--- Work instructions ---
Each line that contains the string "Blue" counts once; report how many such lines appear in the data, as a number only.

--- Available records ---
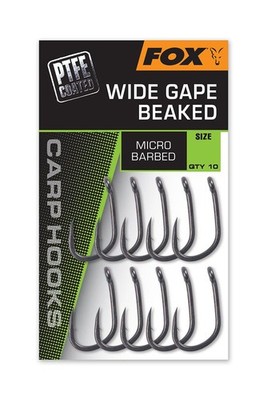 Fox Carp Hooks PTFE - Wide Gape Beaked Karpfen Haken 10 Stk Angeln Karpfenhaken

...

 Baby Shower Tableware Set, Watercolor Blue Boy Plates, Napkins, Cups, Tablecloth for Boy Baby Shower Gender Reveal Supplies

...

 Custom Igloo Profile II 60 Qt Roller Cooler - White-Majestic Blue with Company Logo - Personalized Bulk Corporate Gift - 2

--- Result ---
2